EXERCISE DETAILS :: Set down exactly, from the records below, the line with "MG EHS PHEV Luxery FULL OPTION — photo 13" through the line with "2026 Porsche Macan AWD", and nothing else.

MATERIAL FOR THE TASK ::

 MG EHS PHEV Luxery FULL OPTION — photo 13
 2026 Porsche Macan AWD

...

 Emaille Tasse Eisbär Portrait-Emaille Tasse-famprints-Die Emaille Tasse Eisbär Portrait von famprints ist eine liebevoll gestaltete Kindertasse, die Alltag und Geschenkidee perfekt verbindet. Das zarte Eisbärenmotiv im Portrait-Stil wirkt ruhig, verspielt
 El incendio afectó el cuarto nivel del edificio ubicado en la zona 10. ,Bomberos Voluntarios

OUTPUT ::
 MG EHS PHEV Luxery FULL OPTION — photo 13
 2026 Porsche Macan AWD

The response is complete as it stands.